夢経さんの家

どんと祭


どんと祭
 仙台に赴任してから三年がたつ。今春には職を離れて関東に戻る予定なので、仙台最後の冬を送っている。そんな中で、神棚の(お札)を返しにゆくことになった。お札は昨年、新春の安全祈願をしたもので、返納先は大崎八幡宮である。今日は、(どんと祭)が催されるのだが、私にとっては、三年目にして始めて見る祭りだ。自転車で行くことにした。八幡宮の一之鳥居まで三・五キロ、そこから北参道鳥居の駐車場まで、勾配二〇度の坂道を四五〇メートル走る。
 大町を出て晩翠通りを北に向かった。道路は普段と変わりない風景が続いている。突き当りになる国道四十八号線が近づいたころ、前方から鈴の音が聞こえてきた。八幡宮に向かう裸参りの行列が、鈴(行商人が使うハンドベルみたいなもの)を鳴らしているのだった。参拝の行列は、団体名の入った高張提灯を先頭に、半身裸の男衆が続いている。白足袋に草鞋履き、体に白い晒を巻いた出で立ちである。銘々が江戸張提灯と鈴を手にして歩いていた。女性が法被を着て参加している集団もあった。

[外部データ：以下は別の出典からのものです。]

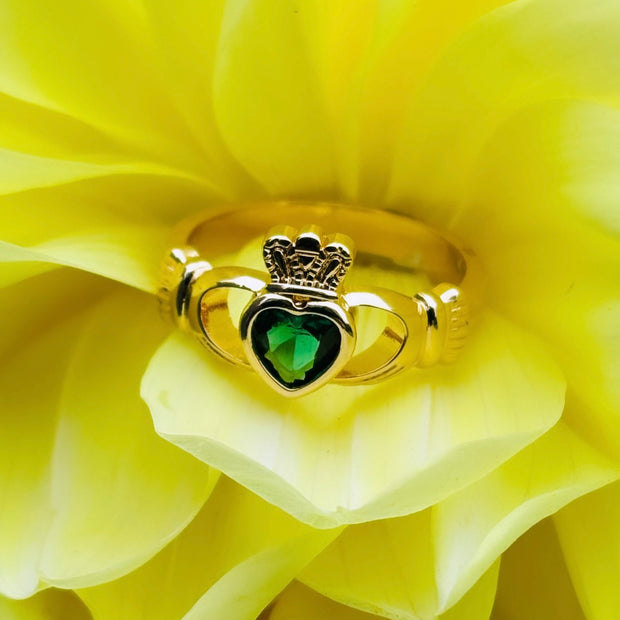 18kt Gold plated Claddagh Ring with Green Stone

よく見ると、口に紙のようなものを咥えている。(含み紙)といい、私語を慎む為にあるらしい。民間会社・電力会社・商店・大学、さまざまの列が、それぞれの規模で、国道を八幡宮に向かって歩いて行く。
 歩道は一般の参拝者も歩いているので、大混雑になっている。自転車が通れる状態ではなかった。行列を横目に車道を走り抜けた。一之鳥居を通り過ぎ、西側の坂道を一気に登った。参拝者用の駐車場に入り、隅のほうに自転車を止めた。他に自転車は二台しかなかった。(今日は自転車で来るもんじゃないな)そう思いながら二つの鍵をかけた。境内に向かって歩いていると膝がガクガクしてきた。還暦の脚力は相当に落ちていたのだ。

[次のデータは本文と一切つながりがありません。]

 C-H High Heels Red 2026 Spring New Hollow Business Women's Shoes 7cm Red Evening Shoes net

 北参道を真直ぐ南に行くと、社務所の先に広場がある。松焚祭斎場と称されている。そこには、四隅に竹を立てた結界が張られていた。その真ん中には二本の高い竹竿が立っていて、これから焚き上げるお札などが、三メートル位の高さに積まれていた。お札や正月飾りに混じって、この地方特有の青色をした(松川だるま)も、たくさん置かれている。きっと昨年、たくさんの願い事を頼まれていたのだろう。私も、お札の入った紙袋を、竹竿めがけて投げ入れた。袋は大きな弧を描いて、山の中段に落ちた。
 八幡宮の松焚祭(まつたきまつり)は、三百年続いている正月送りの行事で、正月飾りや古神札等を焼納する。一般的に火の勢いから、(ドンド焼き)とも呼ばれている。私の故郷である宇都宮二荒山神社では、(どんどん焼き)と呼んでいた。大崎八幡宮の松焚祭は毎年一月十四日に行われ、日没の頃に(忌火)と呼ばれる火を点けて焚きあげる。

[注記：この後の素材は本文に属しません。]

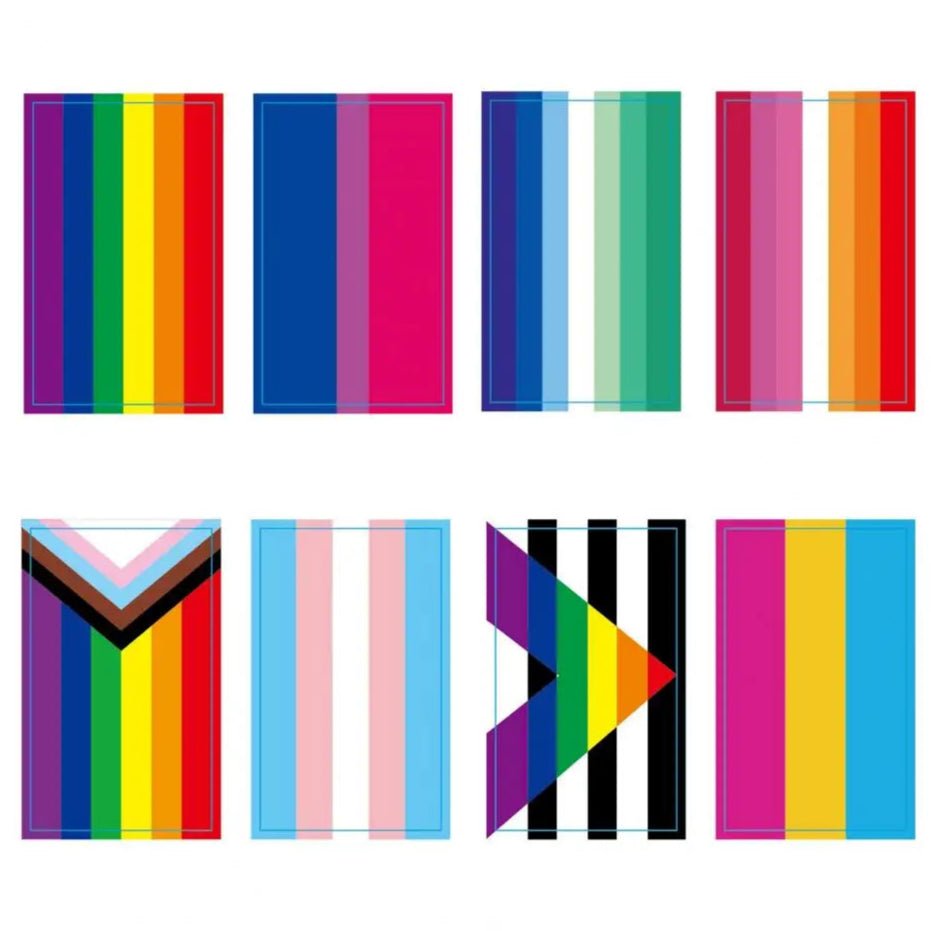 500 Pride Stickers - Variety of  8 flags, rectangle PVC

 四時開始の予定になっていた神事は、二十分ほど遅れて始まった。神主の祝詞奏上・お祓い・玉串奉奠の後、数か所から松明で点火された。途端にあたりはパチパチと音を出して、くすんだ煙に包まれる。数人先が見えない。しかし、火のまわりは早く、視界が戻ると同時に体が熱くなった。
「あの松明は、真っ黒い煙がいっぱい出ているだろう。きっと石油をかけてんだぞ」
そんな解説をしている参拝者もいる。
 松焚祭の火は、正月の間に各家庭に訪れていた神々を送る(御神火)で、火にあたると心身が清められ、一年間無病息災・家内安全の加護を得るという。
 この火を目指して参拝するのが(裸参り)である。「厳寒時に仕込みに入る酒杜氏が、醸造安全・吟醸祈願のために参拝したのが始まりとされ、江戸時代中期には既に定着していた」と、八幡宮の説明には記されている。。毎年数千人の参拝者があり、杜の都・仙台の風物詩となっている。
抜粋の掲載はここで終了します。